RECORDS SUPPLIED:
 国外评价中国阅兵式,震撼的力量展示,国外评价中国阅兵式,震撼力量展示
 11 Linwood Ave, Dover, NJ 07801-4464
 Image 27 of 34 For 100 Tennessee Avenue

...

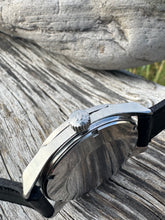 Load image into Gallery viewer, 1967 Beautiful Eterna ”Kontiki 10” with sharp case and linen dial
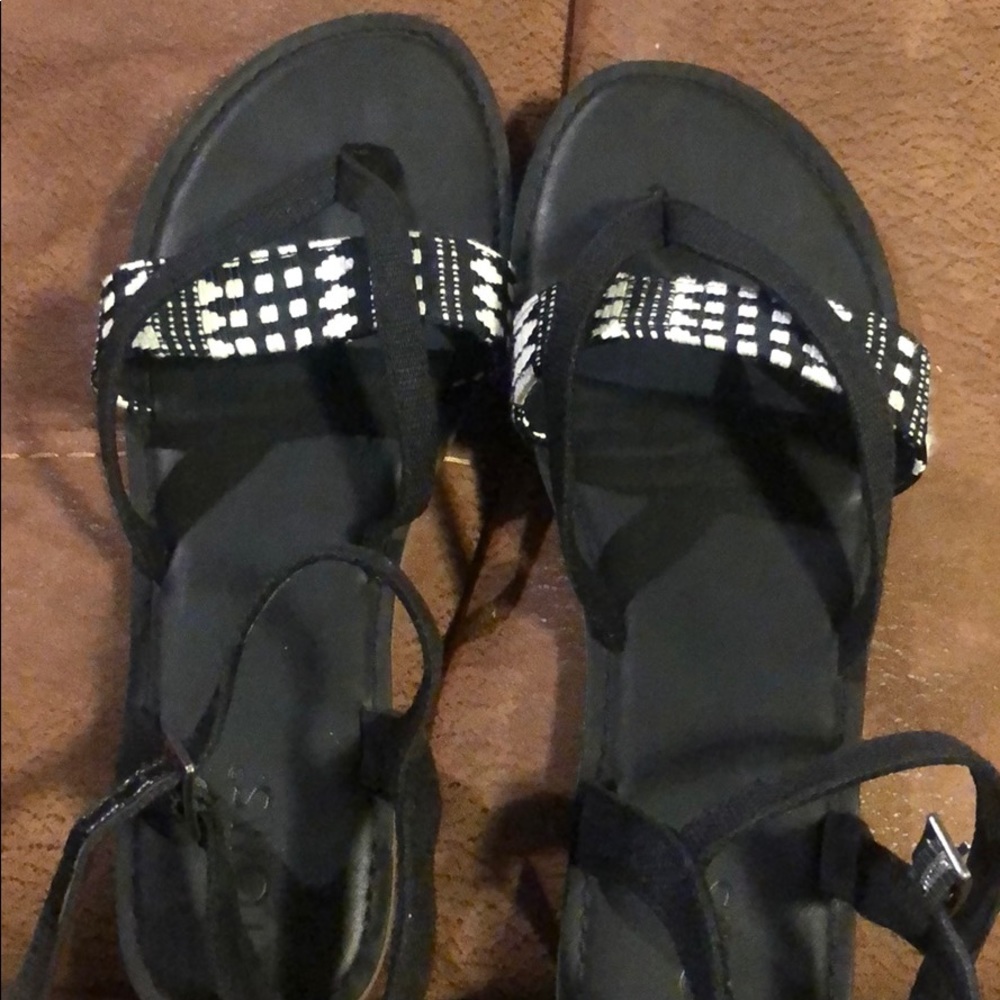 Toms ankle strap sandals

WORK REQUIRED:
Go to the line in the material above that contains "国外评价中国阅兵式,震撼的力量展示,国外评价中国阅兵式,震撼力量展示" and copy exactly from there through the line that contains "Image 27 of 34 For 100 Tennessee Avenue", stopping after it.

ANSWER:
 国外评价中国阅兵式,震撼的力量展示,国外评价中国阅兵式,震撼力量展示
 11 Linwood Ave, Dover, NJ 07801-4464
 Image 27 of 34 For 100 Tennessee Avenue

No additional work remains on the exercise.